Austin, Day Three

Again I surface suddenly from slumber at stupid o’clock. Too long flipping through the late night talk shows. What a strange thing they are. I watch Craig Ferguson, a fellow Glaswegian who kindly had me on his show on my last album more through regional loyalty than anything. His show stands out from the others but I can’t put my finger on why. There’s a genuine anarchy vibrating under the surface. You have the feeling he might just go utterly ape at any point. He’s a tightly coiled lunatic held in check by the sobriety of the slick showbiz format. It’s like watching Godzilla prune a bonsai.

I attend to electronic chores to kill off the early morning. Computers and phones swallow time like black holes. Later I take a drive around to find supplies and sustenance. Listerine and tacos – breakfast of champions.

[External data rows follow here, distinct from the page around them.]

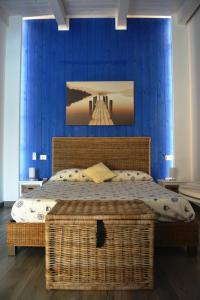 庞贝比阿特丽斯之家住宿加早餐旅馆的一间卧室配有一张带蓝色墙壁的柳条床
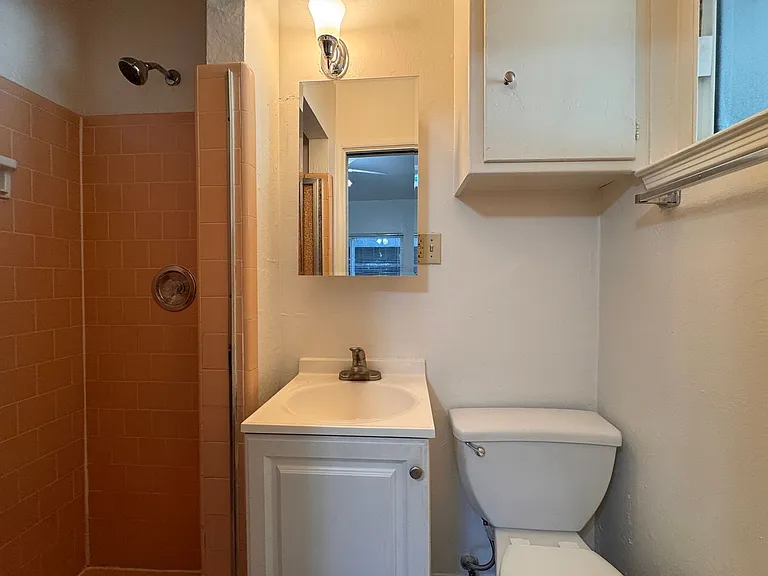 2519-2525 H Street — Photo 5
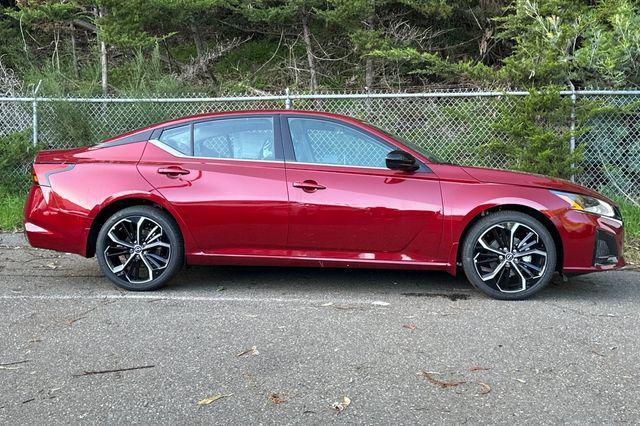 new 2025 Nissan Altima car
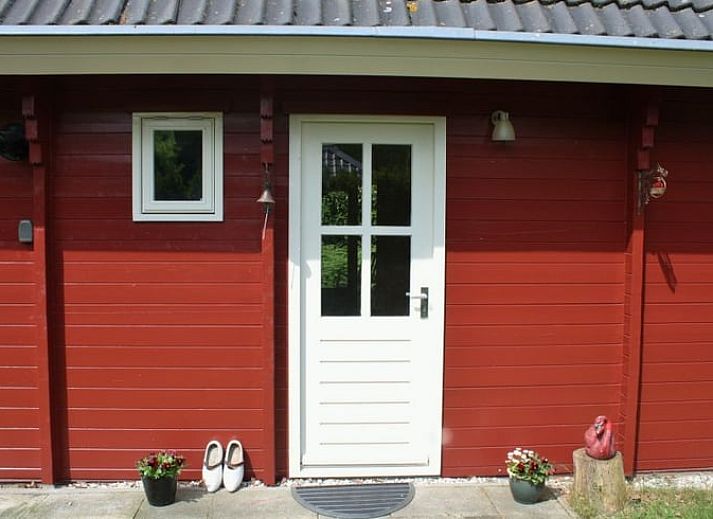 Stilvolles Wohnzimmer im Ferienhaus in Nieuw Balinge, Midden Drenthe, mit bequemen Sitzgelegenheiten und Buecherregalen.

We spend another day footering with the songs in the raw. On a coffee break excursion Mr. McC takes me to a record shop full of pristine vintage vinyl and I snatch two Ann Peebles albums produced by Willie Mitchell that I’ve not heard. This is the problem with the US; you can never bring a big enough suitcase. I may have to jettison some old underwear. When I was touring Europe in 1986 at the age of 21 one of the band spotted that most of my underpants were labelled “M&S 9-11 yrs”. I suppose they just stretched with the times. I left them all in a laundry bag in a hotel on the outskirts of Florence. I’m still grieving.

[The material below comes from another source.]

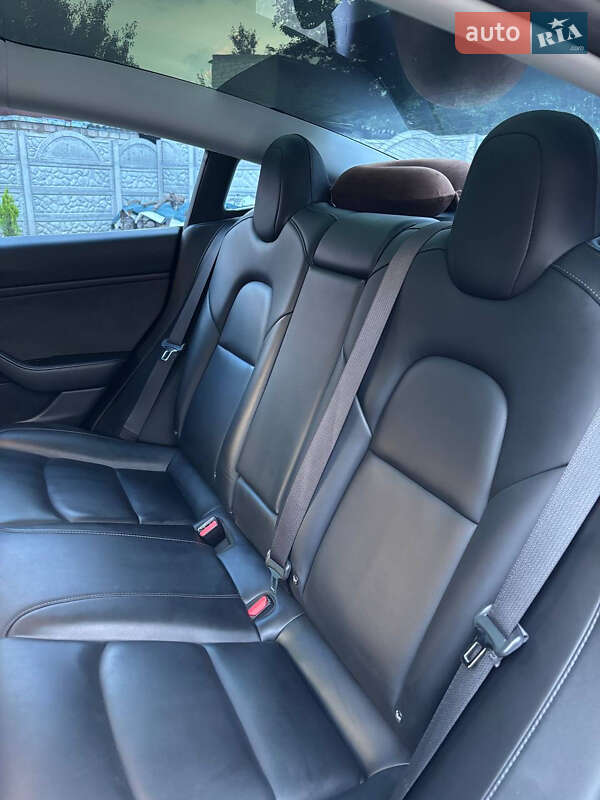 Седан Tesla Model 3 2018 в Кам'янському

Tonight is the first of the three presidential debates so we quit in time to catch it. Obama comes across as oddly complacent while Romney very cleverly appears conciliatory, drawing himself closer to the President and the middle ground leaving Obama, expecting Romney to be simply speaking to his own hard-right constituency, with nowhere to fight. It’s a blow and it’s horrific. What I find surprising and impressive is that the debate is aired on virtually every channel on my hotel TV – I count at least ten broadcasts – and I don’t see any commercial breaks. The other thing that’s weird is that each channel edits and mixes the feed in its own fashion, some favouring long shots and two shots, some close ups and split screens. There are so many ways that the US is a more participatory democracy than the UK. Of course, tragically, like nearly every other capitalist democracy, both polities limit the range of argument in the mainstream to myopically narrow agenda. Is there anybody, anywhere on UK or US television, arguing for the public ownership of banks, power companies, the pharmaceutical industry, mass transportation? Or statutory regulation of wage inequality? Or about the insanity of criminal justice systems that throw citizens into boxes to moulder and foment social resentment? The continued tolerance of the liberty of Ed Sheeran?

I am groggy in the morning and open the blackouts to reveal the shock of an overcast sky. I take the big boat of the hire-car out for the daily trawl for breakfast. By the time I find a place it is roasting again and the clouds are split by the Texan sun which seems to hang low over the terrain like a thermal lamp over a kitchen pass.